Here is the question directly from the book:

f'(x)=x^(-1/3), f(1)=1, f(-1)=-1, find f(x).

2. Relevant equations

3. The attempt at a solution

So there are about ten of these types, and I am very confused. I am confused because if you solve for f(x) with f(a) you get a different value for c than if you solved for f(b).
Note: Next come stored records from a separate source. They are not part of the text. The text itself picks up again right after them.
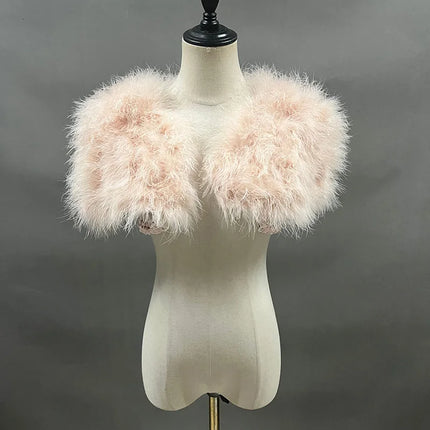 Real Fur Boleros Women Genuine Ostrich Feather Fur Shawl Shrugs Wedding Bride's Shawl S1264 - Fashion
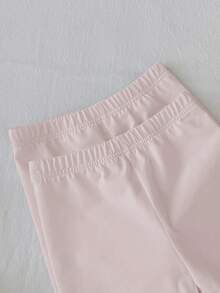 SHEIN 女童兒童春夏細肩帶上衣與短褲套裝 2件式內衣套裝 素色與多色可選 - 淺粉色 - 查看 5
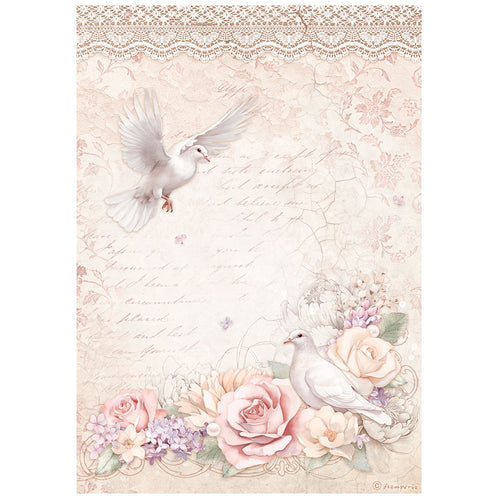 Stamperia - Romantic Collection - Romance Forever - A4 Rice Paper "Doves"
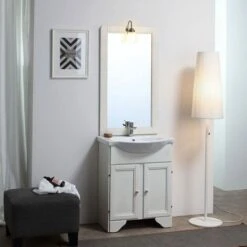 MOBILE DECAPE' BIANCO PER BAGNO CON LAVABO E LAMPADA 65 CM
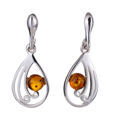 Sterling Silver and Baltic Honey Amber Earrings "Lydia"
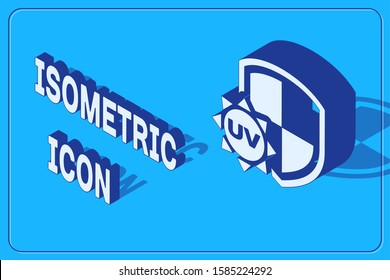 Isometric UV protection icon isolated on blue background. Sun and shield. Ultra violet rays radiation. SPF sun sign.  Vector Illustration
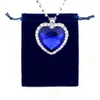 Colliers pendentifs Titanic Movie Heart of the Ocean Chain Pretty Royal Blue Big Crystal Collier pour femmes 18 "Velvet Sac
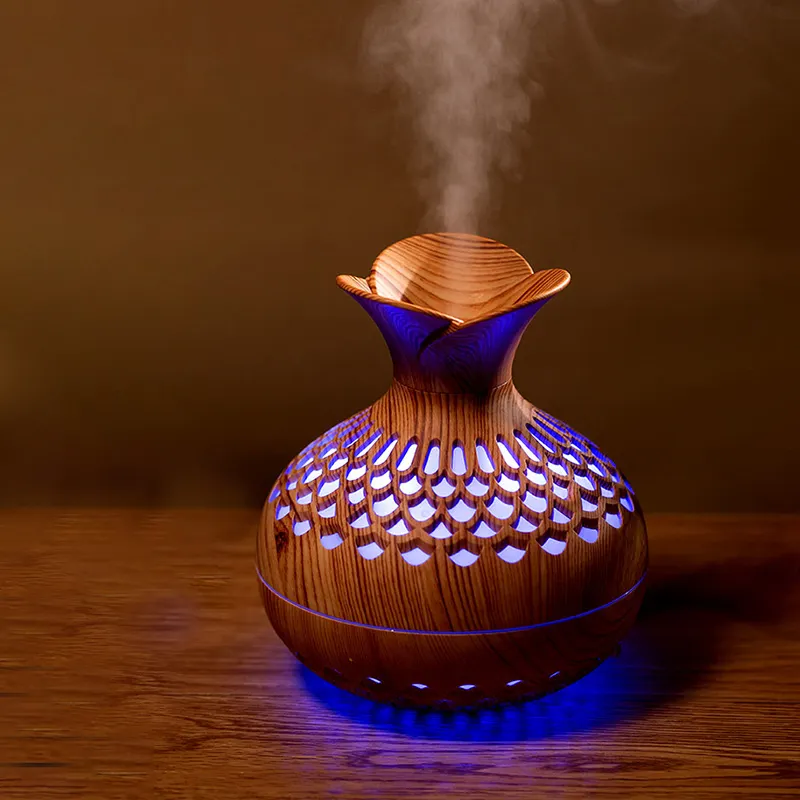 पोर्टेबल Humidifier 7 रंग एलईडी रात को प्रकाश यूएसबी लकड़ी अनाज के लिए अल्ट्रासोनिक धुंध हवा Humidifier घर कार्यालय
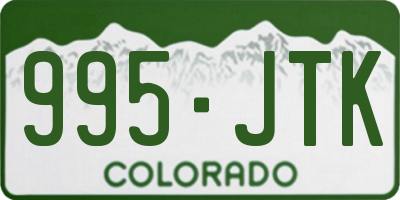 CO license plate 995JTK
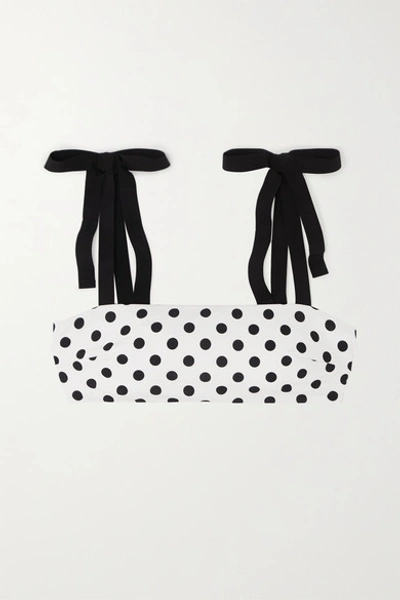 Zimmermann Tie-detailed Polka-dot Bikini Top In Black
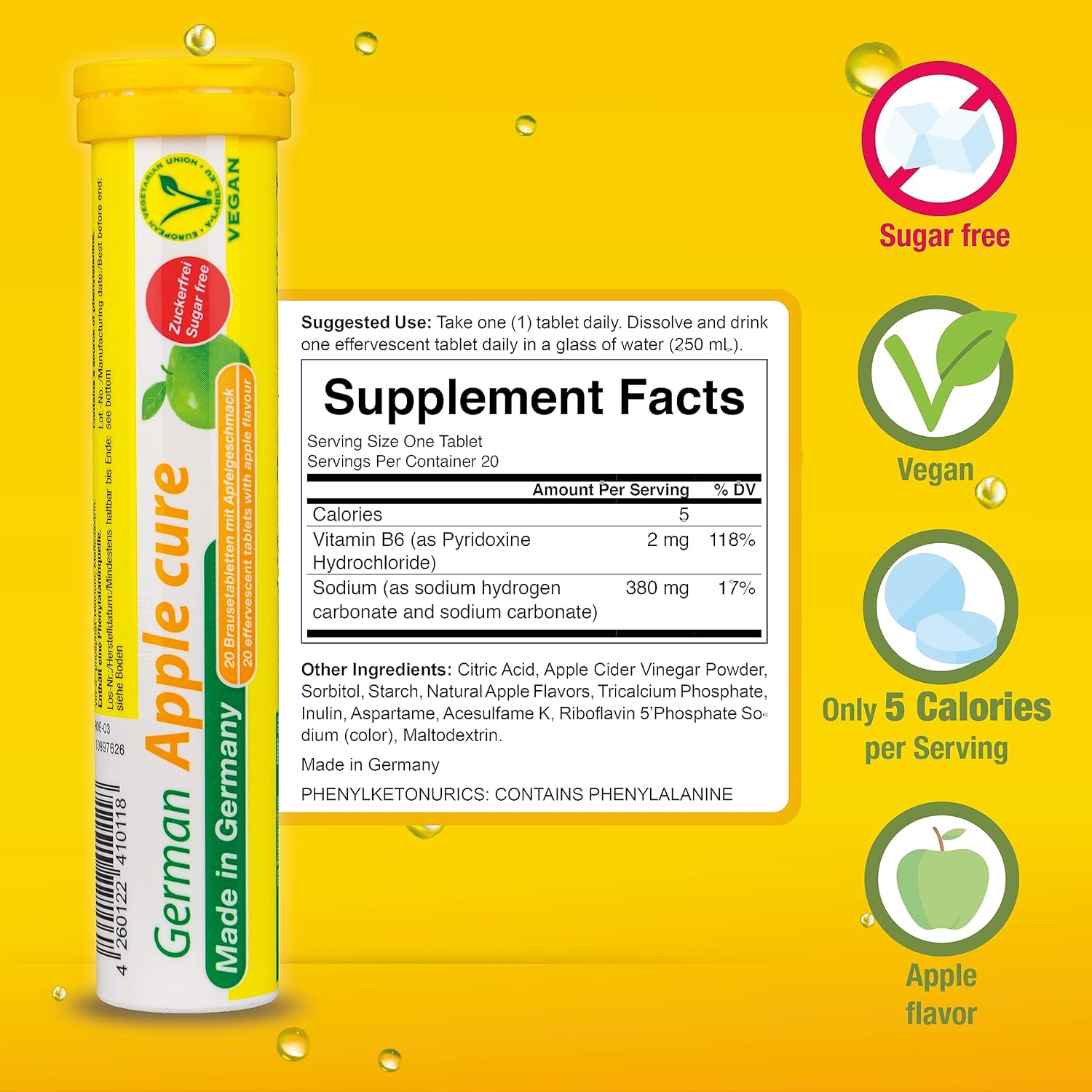 German Apple Cure Effervescent Tablets - 240 Vegan Drink Tablets - Apple Flavor - Made in Germany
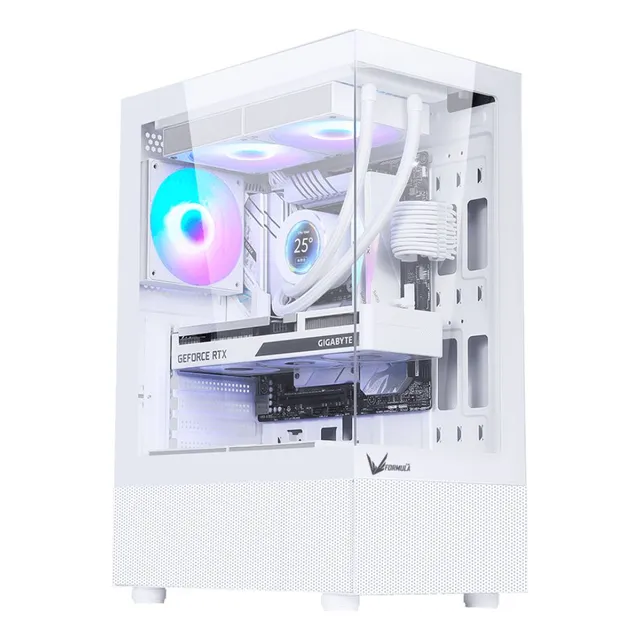 GABINETE MID TOWER FORMULA V CRYSTAL Z1+ BLANCO 3 FAN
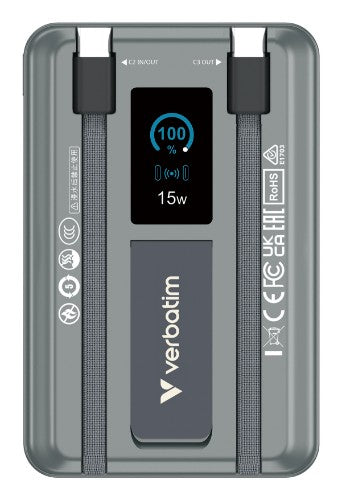 Verbatim Charge'n'Go 2C & Display Power Bank 10000 mAh Grey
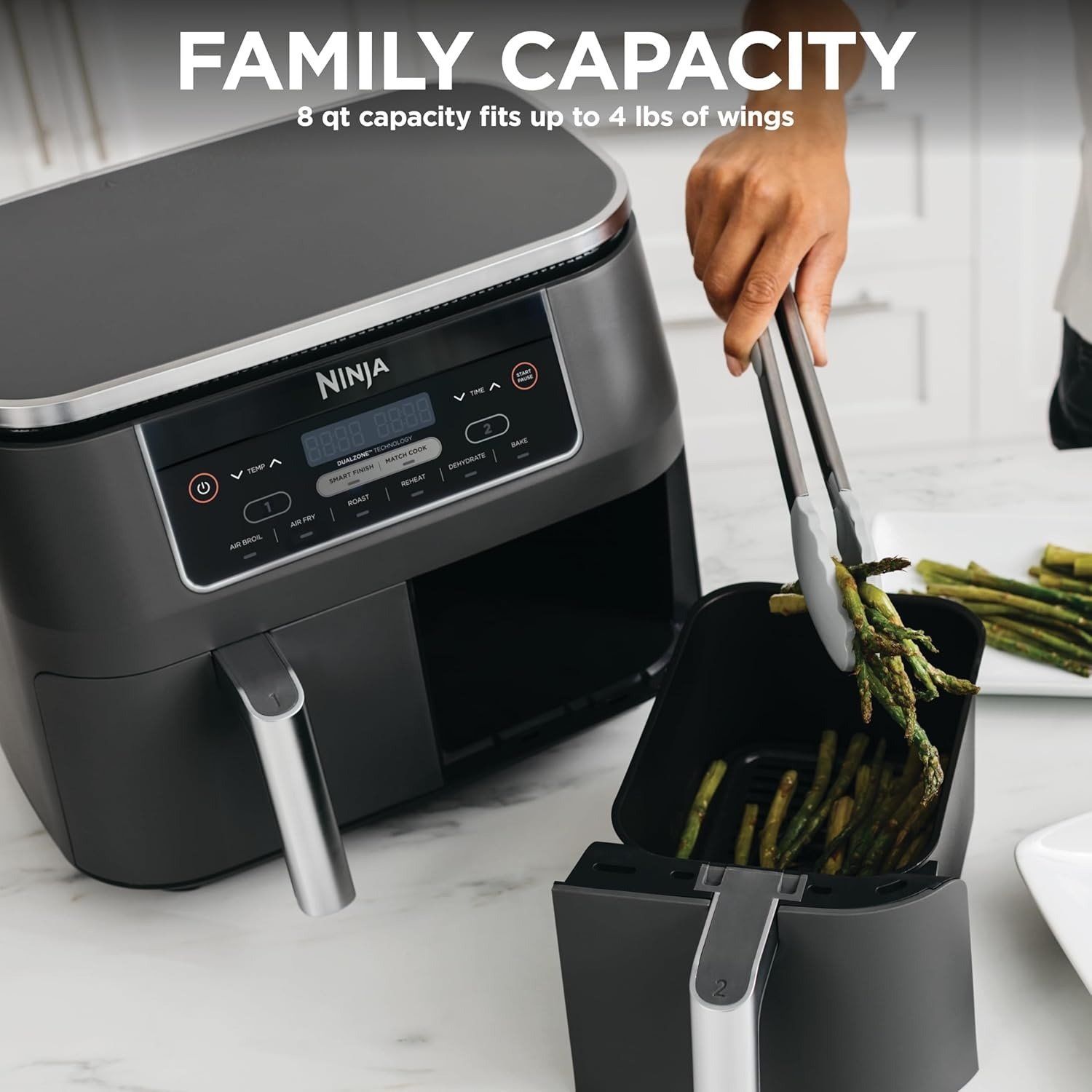 8QT 6-in-1 Dual Basket Air Fryer, Independent Zones, Smart Finish & Match Cook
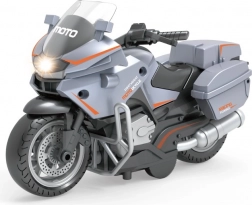 Moto de course grise avec fonction à rétrofriction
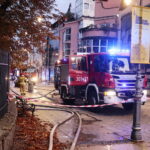 08.10.2022. Kielce. Pożar kamienicy przy ul. Sienkiewicza / Fot. Wiktor Taszłow - Radio Kielce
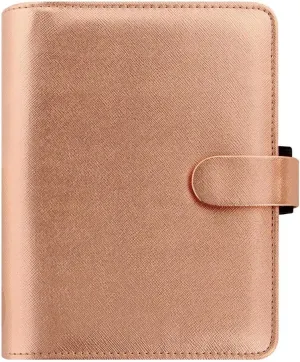 Filofax Saffiano Metallic Organizer, Pocket Size, Rose Gold - Cross-Grain, Leather-Look, Bright Metallic Finish, Six Rings, Week-to-View Calendar Diary, Multilingual, 2025 (C022626-25)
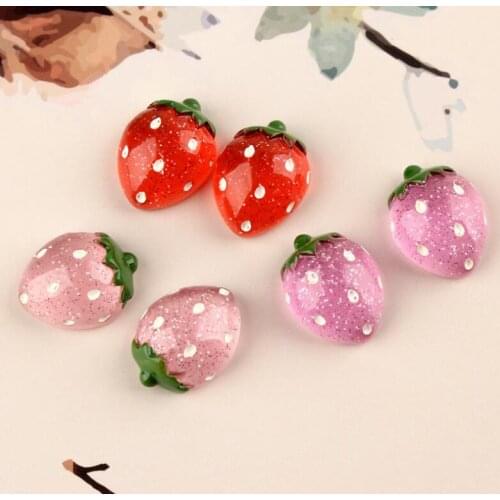 10 pcs/lot Kawaii strawberry. Resin simulation food Flatback Cabochon for phone decoration, Crafts Making DIY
So finding f(x) I get f(x)=(3/2)x^(2/3) + c
If I make f(x)=1 and x=1, I get the value of c to be -1/2
But if I make f(x)=-1 and x=-1, I get the value of c to be -5/2..

2. Nov 26, 2011

### micromass

Staff Emeritus
Notice that f(0) is not defined. So you actually have two branches. So your function can be described as

$$f(x)=\left\{\begin{array}{c}(3/2)x^{2/3} + c_1 ~\text{if}~x>0\\ (3/2)x^{2/3} + c_2 ~\text{if}~x<0 \end{array}\right.$$

3. Nov 26, 2011

### skyturnred

So whenever f'(0)=DNE, the function f(x) can be written as a piecewise function?

4. Nov 26, 2011

### micromass

Staff Emeritus
Indeed!!

Do notice that you proved that the anti-derivative of a function is unique up to a constant. But you only proved that for functions that exists everywhere on an interval. If a function does not exist in a point, then the result isn't true anymore!!

5. Nov 27, 2011

### skyturnred

OK, thanks again! You helped tremendously.